- DATA EXCERPT

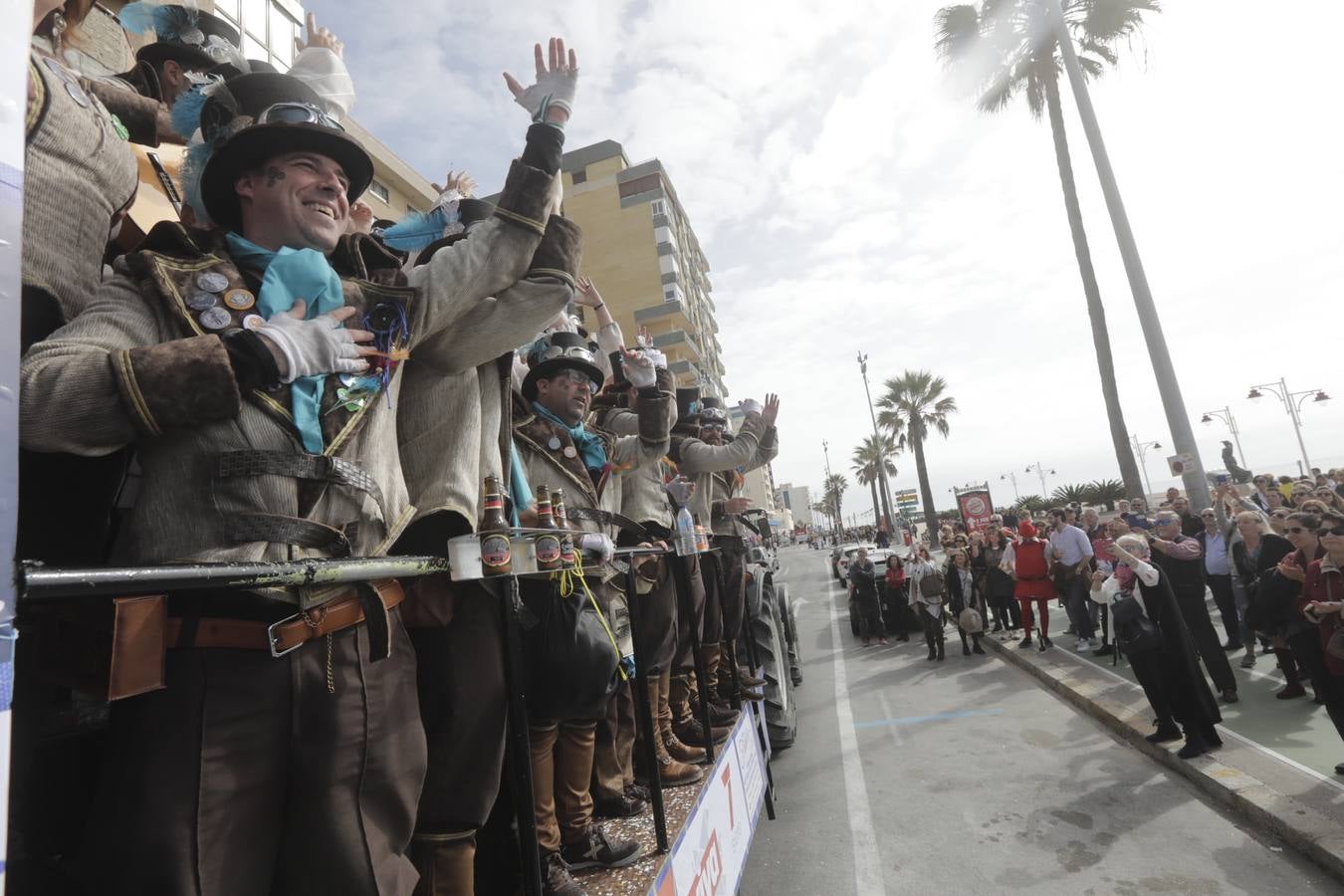 FOTOS: Cádiz se despide de febrero con los carruseles de coros el segundo sábado de carnaval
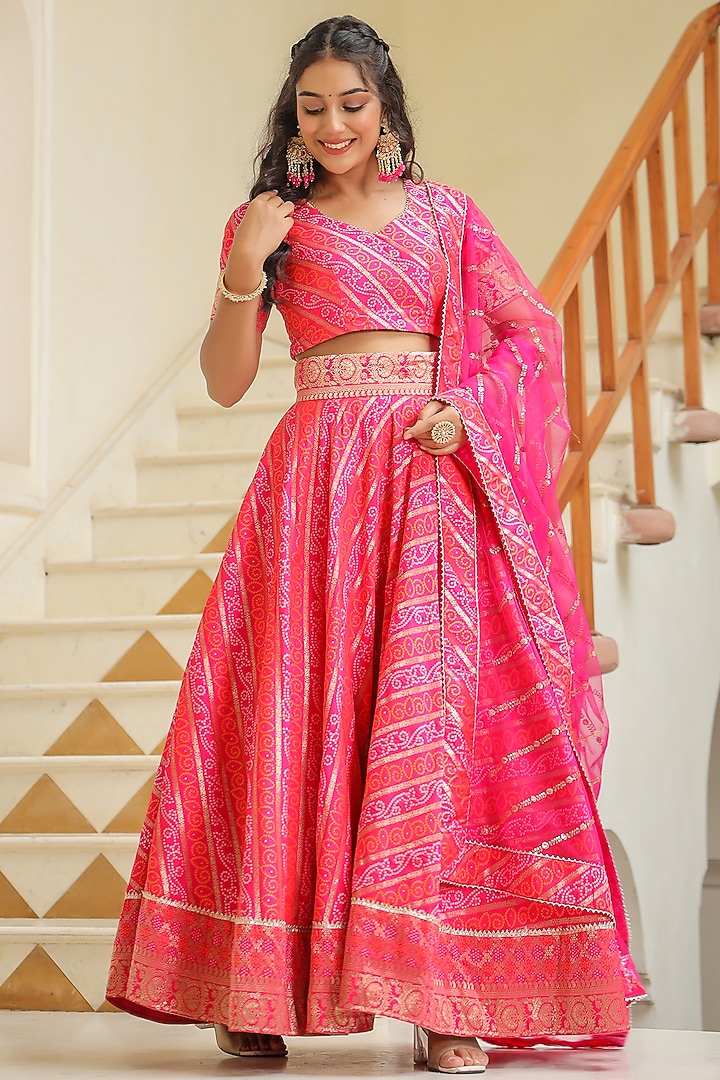 Pink Brocade Silk Bandhani Printed Wedding Lehenga Set by SAMAAYA JAIPUR at Pernia's Pop Up Shop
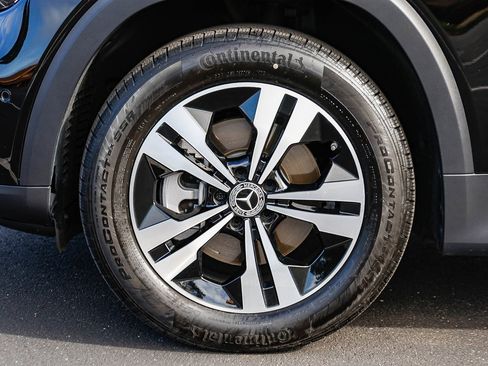 Certified 2025 Mercedes-Benz GLB 250 image 9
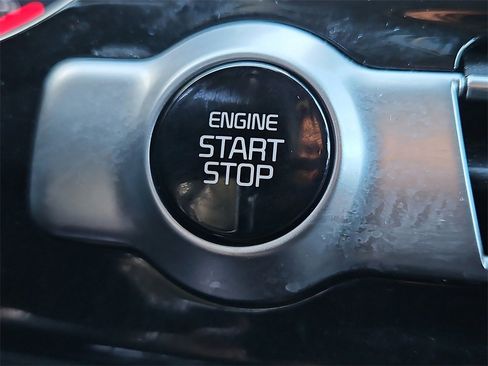 Certified 2023 Kia Seltos S image 21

- BRIEF
Each line from the one containing "Certified 2025 Mercedes-Benz GLB 250 image 9" through the final line of the data must be reproduced exactly, both ends included, with no pictures in the copy.

- TASK SOLUTION
 Certified 2025 Mercedes-Benz GLB 250 image 9
 Certified 2023 Kia Seltos S image 21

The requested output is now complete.